Deze en de twee volgende miniaturen staan in hetzelfde handschrift, een getijdenboek, dat wordt bewaard in de Universiteitsbiblotheek te Leiden, (catalogusnummer BPL 2747). De schrijver (niet de auteur) is broeder Gerrit uit Castricum, op dat moment 64 jaar oud. In een kleine drie maanden, van september tot december 1498, heeft hij 203 bladen, dat zijn ruim 400 pagina’s, geschreven, dat is ongeveer 6 bladzijden per dag.
De eerste eigenares was Aef (=Agatha) van Bulgarien. Het boek is overvloedig versierd en van een hoog artistiek niveau.

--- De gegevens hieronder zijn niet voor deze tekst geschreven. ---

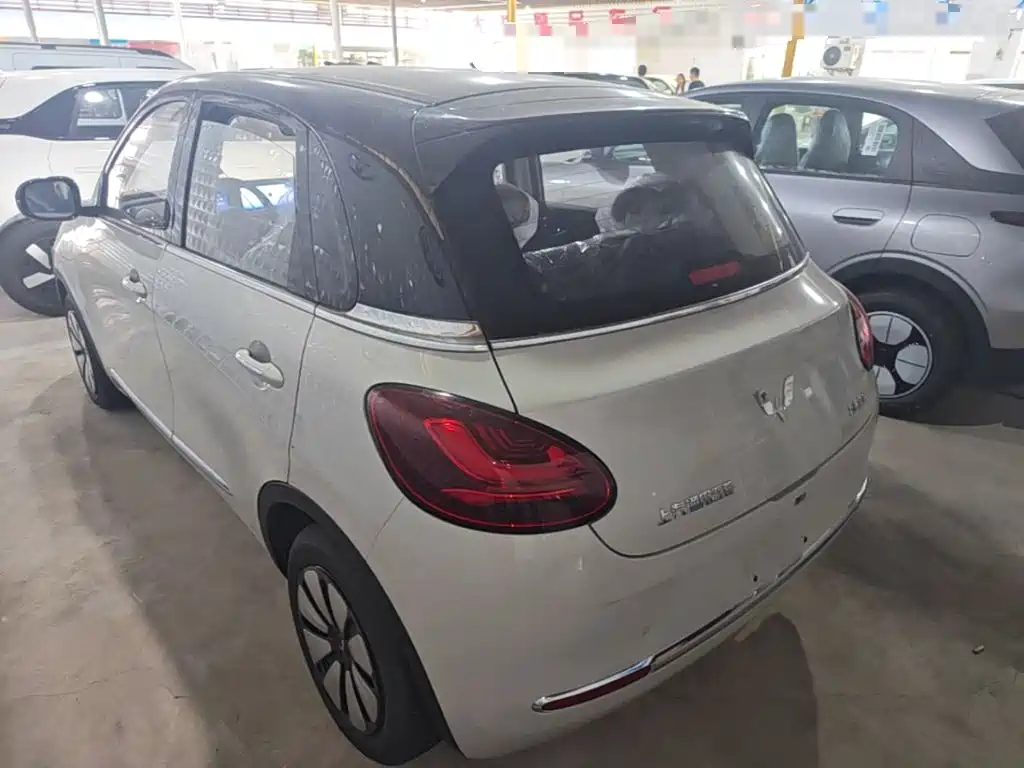 Wuling Binguo 2025 333km Enjoy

Jacobus neemt in dit manuscript een prominente plaats in, want zijn beeltenis komt voor op blad 14, dus vóór in het boek, onmiddellijk na de kalender. Uit de bindwijze blijkt, dat dit blad 14 apart is ingevoegd, los van de katernen. Het is daar dus op uitdrukkelijk verzoek van de opdrachtgever geplaatst. Er staat ook een jaartal bij, waaruit blijkt dat het niet later is toegevoegd.
Sint-Jacob is afgebeeld in de hoofdletter O van het gebed: O Heilige apostel, sinte Jacob…… In de tekst van dit gebed staat de volgende zinsnede:
…..Ende gelikerwijs ic di versocht heb te compostelle in galissen dattu also in die stonden mijns doots mi wilste verzoken ende mi bi wesen….
Jacobus is afgebeeld compleet met staf en pelgrimshoed met schelp.